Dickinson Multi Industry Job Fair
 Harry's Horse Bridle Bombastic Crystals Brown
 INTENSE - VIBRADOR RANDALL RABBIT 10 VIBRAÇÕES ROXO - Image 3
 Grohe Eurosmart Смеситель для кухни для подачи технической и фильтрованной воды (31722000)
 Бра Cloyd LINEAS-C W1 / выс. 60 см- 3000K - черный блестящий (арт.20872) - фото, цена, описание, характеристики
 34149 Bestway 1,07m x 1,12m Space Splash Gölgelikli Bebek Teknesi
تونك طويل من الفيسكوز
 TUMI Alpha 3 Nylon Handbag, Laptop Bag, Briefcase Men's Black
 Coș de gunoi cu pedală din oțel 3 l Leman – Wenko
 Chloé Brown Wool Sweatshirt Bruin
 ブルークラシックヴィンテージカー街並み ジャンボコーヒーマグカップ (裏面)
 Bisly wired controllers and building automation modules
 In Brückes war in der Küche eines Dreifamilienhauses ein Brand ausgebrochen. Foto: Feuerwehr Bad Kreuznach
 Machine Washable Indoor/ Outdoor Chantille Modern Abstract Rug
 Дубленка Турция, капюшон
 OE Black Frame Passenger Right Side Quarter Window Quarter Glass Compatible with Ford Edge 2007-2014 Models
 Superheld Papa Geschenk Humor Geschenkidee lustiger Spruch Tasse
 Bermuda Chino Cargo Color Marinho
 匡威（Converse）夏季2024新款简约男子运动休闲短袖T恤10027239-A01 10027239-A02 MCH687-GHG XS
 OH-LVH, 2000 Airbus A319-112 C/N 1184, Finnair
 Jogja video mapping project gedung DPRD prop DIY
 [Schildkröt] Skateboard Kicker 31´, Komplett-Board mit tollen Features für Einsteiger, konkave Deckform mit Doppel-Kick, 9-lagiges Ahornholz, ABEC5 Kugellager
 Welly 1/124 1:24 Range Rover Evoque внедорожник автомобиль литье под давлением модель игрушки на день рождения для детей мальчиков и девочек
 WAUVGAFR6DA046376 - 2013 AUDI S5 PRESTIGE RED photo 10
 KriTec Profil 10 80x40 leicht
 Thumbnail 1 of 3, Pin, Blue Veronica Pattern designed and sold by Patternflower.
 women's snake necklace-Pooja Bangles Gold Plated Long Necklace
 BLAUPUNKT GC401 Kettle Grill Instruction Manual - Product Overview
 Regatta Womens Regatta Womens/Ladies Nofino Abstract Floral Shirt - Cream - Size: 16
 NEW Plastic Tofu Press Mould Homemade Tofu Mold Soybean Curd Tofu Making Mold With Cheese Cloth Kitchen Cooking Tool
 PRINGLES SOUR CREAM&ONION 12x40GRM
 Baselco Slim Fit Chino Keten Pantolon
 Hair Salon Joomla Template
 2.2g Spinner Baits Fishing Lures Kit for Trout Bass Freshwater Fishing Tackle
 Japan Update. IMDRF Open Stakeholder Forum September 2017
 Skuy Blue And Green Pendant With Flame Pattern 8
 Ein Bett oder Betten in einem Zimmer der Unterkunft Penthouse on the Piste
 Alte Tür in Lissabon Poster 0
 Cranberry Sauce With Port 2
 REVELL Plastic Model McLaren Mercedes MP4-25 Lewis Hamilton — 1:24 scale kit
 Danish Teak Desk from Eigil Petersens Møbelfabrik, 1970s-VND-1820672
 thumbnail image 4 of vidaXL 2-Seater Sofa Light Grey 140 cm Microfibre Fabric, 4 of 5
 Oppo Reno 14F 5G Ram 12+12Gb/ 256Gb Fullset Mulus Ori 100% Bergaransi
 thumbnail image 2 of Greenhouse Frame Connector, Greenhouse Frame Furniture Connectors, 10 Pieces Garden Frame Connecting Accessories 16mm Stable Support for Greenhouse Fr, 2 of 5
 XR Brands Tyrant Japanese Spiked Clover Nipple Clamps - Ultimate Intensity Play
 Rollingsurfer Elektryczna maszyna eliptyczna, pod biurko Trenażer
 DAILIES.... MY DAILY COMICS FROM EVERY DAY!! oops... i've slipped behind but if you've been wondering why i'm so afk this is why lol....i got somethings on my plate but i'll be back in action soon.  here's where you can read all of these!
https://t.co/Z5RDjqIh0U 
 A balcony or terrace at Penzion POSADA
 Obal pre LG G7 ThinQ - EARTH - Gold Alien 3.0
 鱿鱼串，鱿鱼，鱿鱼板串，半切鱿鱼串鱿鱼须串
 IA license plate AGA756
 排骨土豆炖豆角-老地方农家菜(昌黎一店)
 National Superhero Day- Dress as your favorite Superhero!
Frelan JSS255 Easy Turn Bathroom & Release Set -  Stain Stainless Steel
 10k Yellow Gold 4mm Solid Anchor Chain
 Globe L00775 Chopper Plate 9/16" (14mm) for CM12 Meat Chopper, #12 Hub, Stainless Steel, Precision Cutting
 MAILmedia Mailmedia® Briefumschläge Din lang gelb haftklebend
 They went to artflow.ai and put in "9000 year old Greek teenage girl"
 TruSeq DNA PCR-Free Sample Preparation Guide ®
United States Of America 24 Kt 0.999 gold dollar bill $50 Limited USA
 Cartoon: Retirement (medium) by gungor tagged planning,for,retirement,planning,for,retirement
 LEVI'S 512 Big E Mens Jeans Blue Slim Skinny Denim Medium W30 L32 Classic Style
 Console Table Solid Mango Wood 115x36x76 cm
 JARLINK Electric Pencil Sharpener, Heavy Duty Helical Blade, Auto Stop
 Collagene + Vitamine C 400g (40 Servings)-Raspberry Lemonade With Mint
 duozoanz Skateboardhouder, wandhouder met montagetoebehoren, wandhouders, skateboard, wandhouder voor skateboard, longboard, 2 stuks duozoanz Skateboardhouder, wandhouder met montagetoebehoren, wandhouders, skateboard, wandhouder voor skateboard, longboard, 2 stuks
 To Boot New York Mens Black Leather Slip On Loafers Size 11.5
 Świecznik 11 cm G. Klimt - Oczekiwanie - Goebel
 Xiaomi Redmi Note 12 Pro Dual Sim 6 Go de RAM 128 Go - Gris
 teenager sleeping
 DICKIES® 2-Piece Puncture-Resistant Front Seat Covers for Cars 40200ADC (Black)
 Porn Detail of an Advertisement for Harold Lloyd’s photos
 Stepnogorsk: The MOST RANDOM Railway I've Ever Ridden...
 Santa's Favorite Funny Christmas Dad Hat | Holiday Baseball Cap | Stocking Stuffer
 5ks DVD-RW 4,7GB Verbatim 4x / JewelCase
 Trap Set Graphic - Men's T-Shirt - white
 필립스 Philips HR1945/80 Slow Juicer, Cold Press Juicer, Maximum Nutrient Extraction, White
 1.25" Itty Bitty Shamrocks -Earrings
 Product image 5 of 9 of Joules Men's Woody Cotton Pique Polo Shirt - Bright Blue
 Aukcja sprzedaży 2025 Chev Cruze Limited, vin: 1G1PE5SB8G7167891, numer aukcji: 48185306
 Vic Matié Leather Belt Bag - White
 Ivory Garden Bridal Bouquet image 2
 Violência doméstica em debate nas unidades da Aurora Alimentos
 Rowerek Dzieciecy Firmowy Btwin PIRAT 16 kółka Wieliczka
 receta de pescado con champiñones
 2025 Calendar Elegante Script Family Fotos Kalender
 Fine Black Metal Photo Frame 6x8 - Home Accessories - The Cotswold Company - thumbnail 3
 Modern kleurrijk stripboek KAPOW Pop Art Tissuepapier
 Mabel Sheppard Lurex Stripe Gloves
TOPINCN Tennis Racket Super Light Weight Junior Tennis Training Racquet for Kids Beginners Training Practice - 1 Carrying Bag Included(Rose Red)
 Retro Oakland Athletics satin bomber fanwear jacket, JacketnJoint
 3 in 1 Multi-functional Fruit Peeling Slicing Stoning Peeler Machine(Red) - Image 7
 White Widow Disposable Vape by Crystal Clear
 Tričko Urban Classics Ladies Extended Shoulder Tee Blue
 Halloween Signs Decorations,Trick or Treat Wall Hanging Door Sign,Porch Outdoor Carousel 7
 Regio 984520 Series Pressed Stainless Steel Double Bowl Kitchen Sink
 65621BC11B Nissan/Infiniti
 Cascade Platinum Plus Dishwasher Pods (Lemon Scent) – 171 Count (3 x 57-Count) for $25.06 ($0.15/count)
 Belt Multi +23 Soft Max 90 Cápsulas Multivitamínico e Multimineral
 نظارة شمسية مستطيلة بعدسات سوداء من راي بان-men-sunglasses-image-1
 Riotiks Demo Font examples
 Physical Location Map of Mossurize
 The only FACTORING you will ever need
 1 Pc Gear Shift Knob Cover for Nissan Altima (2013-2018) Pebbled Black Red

- - - -

TASK DETAILS ▸
Reproduce exactly the line bearing "Belt Multi +23" and all the lines that come after it in the records above; add nothing.

RESULT OF THIS TASK ▸
 Belt Multi +23 Soft Max 90 Cápsulas Multivitamínico e Multimineral
 نظارة شمسية مستطيلة بعدسات سوداء من راي بان-men-sunglasses-image-1
 Riotiks Demo Font examples
 Physical Location Map of Mossurize
 The only FACTORING you will ever need
 1 Pc Gear Shift Knob Cover for Nissan Altima (2013-2018) Pebbled Black Red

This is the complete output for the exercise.